#### Task goal
Only the lines from the one with "Macquarie University,..." through the end of the material are wanted, copied exactly and with the pictures left out.

#### Data for processing
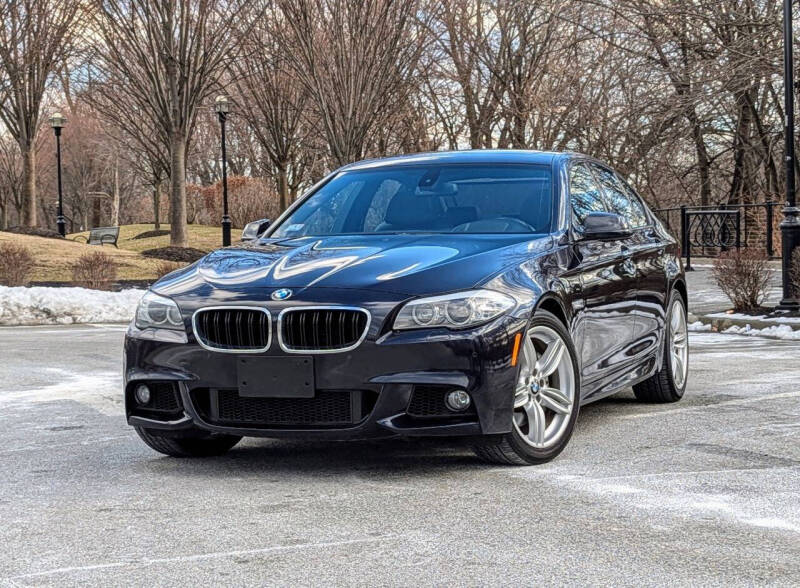 2011 BMW 5 Series for sale at Tristate Auto Group LLC in Garfield NJ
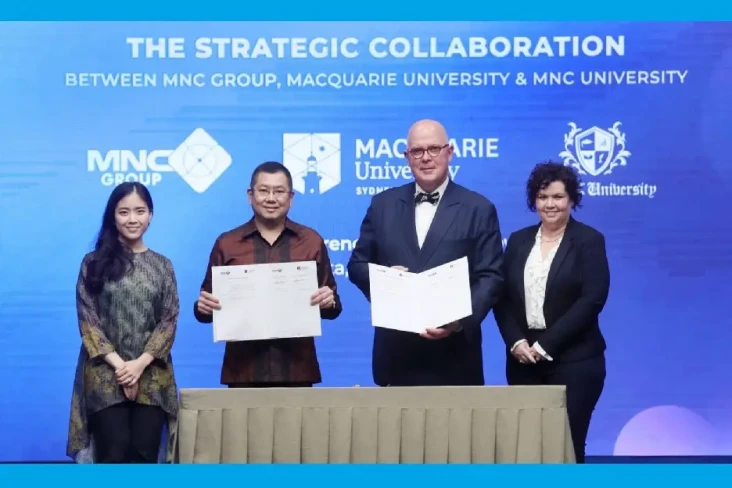 Macquarie University,...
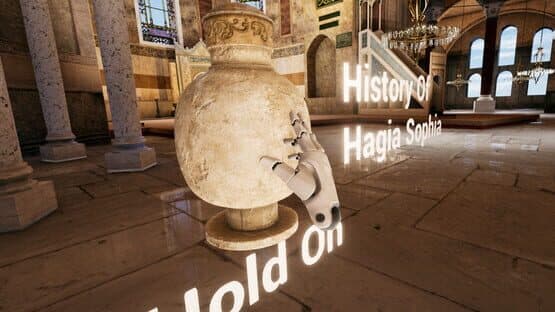Hagia Sophia VR Experience — screenshot 5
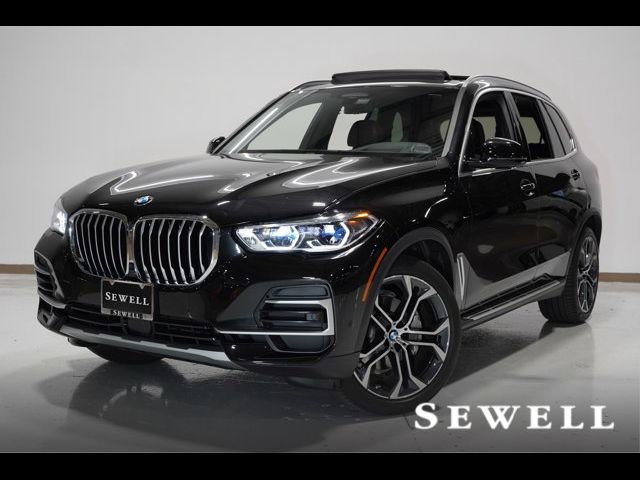 2023 BMW X5 xDrive40i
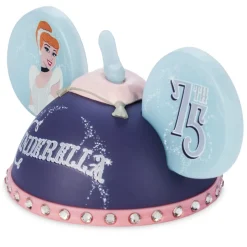 Disney "EAR"-ésistibles 75e anniversaire de Cendrillon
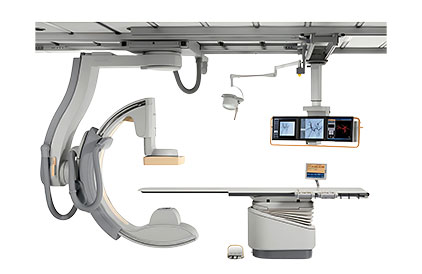 Interventional Cath Lab
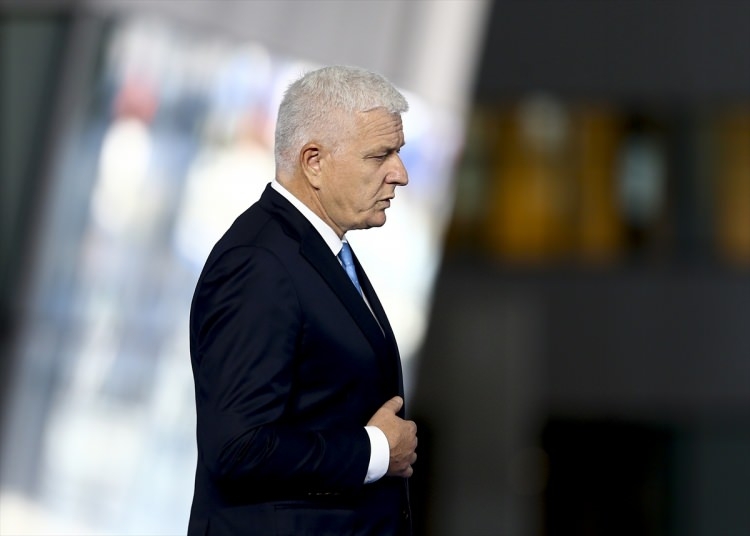 NATO karargahının açılışından çok özel kareler 55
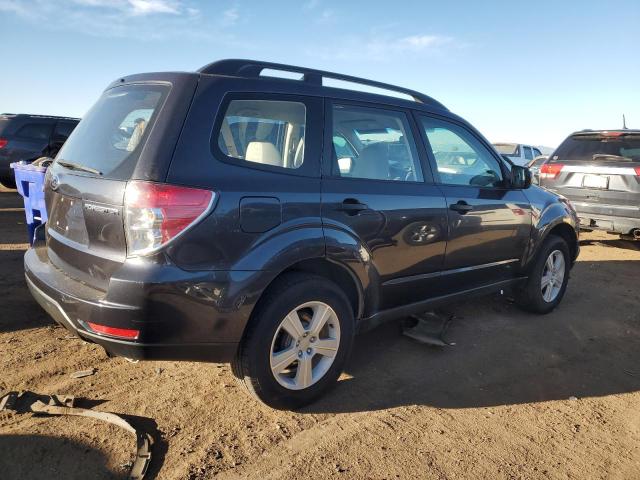 JF2SH6BC7AH795077 - 2010 SUBARU FORESTER XS Boz foto 3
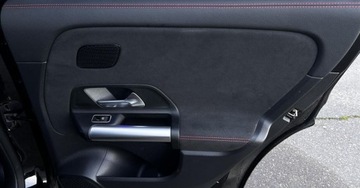 Mercedes GLA II Off-roader Facelifting 1.3 200 163KM 2025 Mercedes-Benz GLA SalonPL AMG Ambiente MBUX Nawigacja Kamera Cofania ASO F, zdjęcie 25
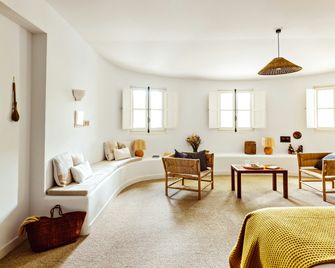 Le Moulin, Lourmarin, a Beaumier Hotel - Lourmarin - Schlafzimmer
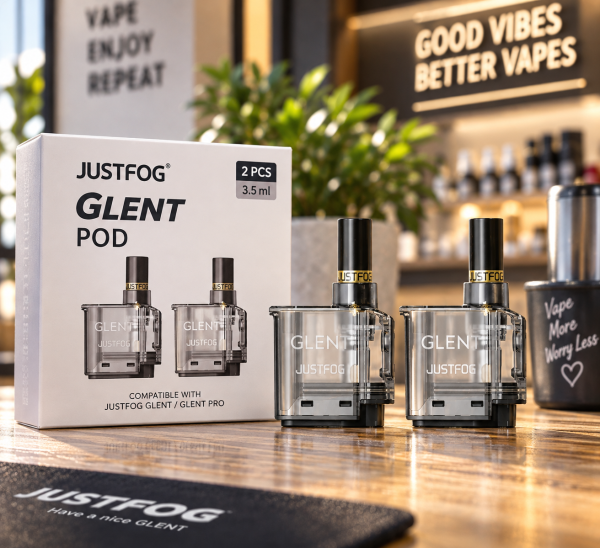 JustFog Glent Pod 2er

#### Task solution
 Macquarie University,...
Hagia Sophia VR Experience — screenshot 5
 2023 BMW X5 xDrive40i
 Disney "EAR"-ésistibles 75e anniversaire de Cendrillon
 Interventional Cath Lab
 NATO karargahının açılışından çok özel kareler 55
 JF2SH6BC7AH795077 - 2010 SUBARU FORESTER XS Boz foto 3
 Mercedes GLA II Off-roader Facelifting 1.3 200 163KM 2025 Mercedes-Benz GLA SalonPL AMG Ambiente MBUX Nawigacja Kamera Cofania ASO F, zdjęcie 25
 Le Moulin, Lourmarin, a Beaumier Hotel - Lourmarin - Schlafzimmer
 JustFog Glent Pod 2er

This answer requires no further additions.